# Train your model on your own data with sdtm-mapper

March 15, 2019
## 1. About

  This is a demo for training your model on your own data with pre-built models using python package `sdtm-mapper`. 
  Hyperparameter tuning part will be covered in the different tutorial.


## 2. Steps

  *     You may want to select GPU instance.
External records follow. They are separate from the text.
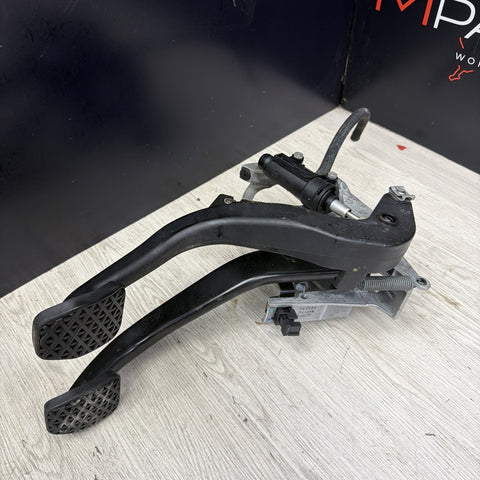 08-13 BMW E90 E92 E93 335 M3 Manual Transmission Brake Clutch Pedal Assembly OEM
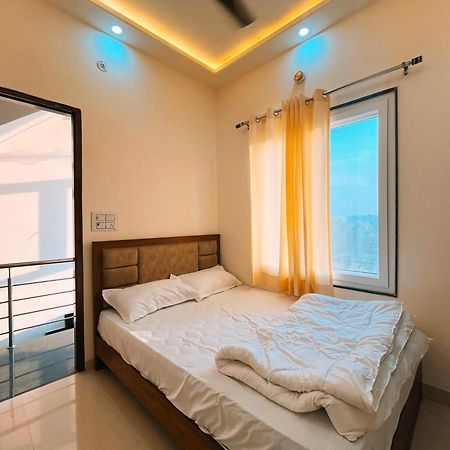 Hotel Pooja Dźajpur Zewnętrze zdjęcie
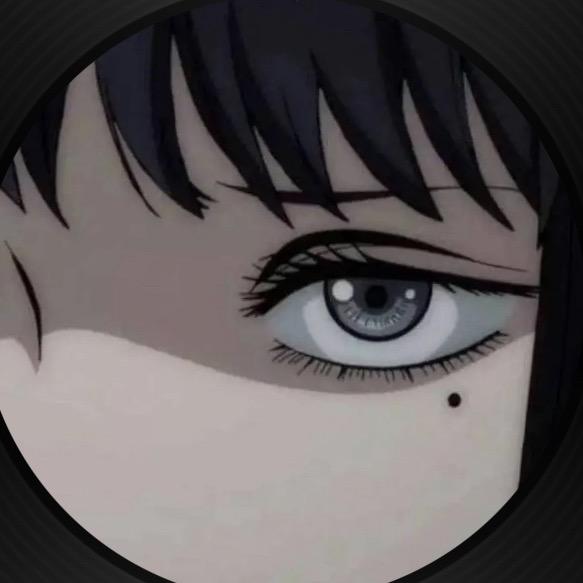 小懿.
In Google Colab, go to 'Runtime' $\rightarrow$ 'Change runtime  type' $\rightarrow$ select `GPU`.
  * Load your training, validation, and test dataset in csv files.
  
  * select which pre-build model you want to use, OR you can add your own model architecture, or adjust hyperparameter settings in SDTMModel class.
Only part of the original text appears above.